> _Your assignment_:
Give back exactly the lines of the material below that start at the line containing "PERSONAL TRAINING As" and end at the line containing "SEBI का बड़ा", and no others.

··········

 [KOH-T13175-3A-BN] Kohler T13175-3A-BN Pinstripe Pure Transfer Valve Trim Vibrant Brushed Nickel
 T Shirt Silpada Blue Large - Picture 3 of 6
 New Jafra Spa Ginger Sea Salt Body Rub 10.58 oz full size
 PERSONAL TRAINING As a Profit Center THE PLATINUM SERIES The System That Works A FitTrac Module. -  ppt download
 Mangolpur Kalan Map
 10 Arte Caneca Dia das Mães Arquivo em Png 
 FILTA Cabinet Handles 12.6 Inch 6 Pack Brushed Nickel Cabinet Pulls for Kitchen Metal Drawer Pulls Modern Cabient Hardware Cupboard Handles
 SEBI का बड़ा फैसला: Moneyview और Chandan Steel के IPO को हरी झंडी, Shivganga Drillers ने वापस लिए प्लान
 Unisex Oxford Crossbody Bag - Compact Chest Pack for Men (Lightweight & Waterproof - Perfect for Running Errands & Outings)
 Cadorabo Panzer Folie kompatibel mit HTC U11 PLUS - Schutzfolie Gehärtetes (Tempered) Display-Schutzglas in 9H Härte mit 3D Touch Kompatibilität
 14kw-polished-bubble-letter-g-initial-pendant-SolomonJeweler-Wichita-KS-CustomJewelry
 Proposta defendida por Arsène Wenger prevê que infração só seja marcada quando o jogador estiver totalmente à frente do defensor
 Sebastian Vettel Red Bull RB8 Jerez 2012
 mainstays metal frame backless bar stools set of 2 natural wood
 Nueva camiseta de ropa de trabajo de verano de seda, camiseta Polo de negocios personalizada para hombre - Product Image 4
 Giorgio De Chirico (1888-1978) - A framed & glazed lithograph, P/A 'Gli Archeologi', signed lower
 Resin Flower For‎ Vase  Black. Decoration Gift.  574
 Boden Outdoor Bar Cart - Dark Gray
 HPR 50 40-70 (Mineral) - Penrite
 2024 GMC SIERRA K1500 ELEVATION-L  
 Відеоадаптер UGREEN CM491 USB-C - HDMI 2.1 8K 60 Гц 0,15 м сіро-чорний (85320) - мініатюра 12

··········

> _Answer to this problem_:
 PERSONAL TRAINING As a Profit Center THE PLATINUM SERIES The System That Works A FitTrac Module. -  ppt download
 Mangolpur Kalan Map
 10 Arte Caneca Dia das Mães Arquivo em Png 
 FILTA Cabinet Handles 12.6 Inch 6 Pack Brushed Nickel Cabinet Pulls for Kitchen Metal Drawer Pulls Modern Cabient Hardware Cupboard Handles
 SEBI का बड़ा फैसला: Moneyview और Chandan Steel के IPO को हरी झंडी, Shivganga Drillers ने वापस लिए प्लान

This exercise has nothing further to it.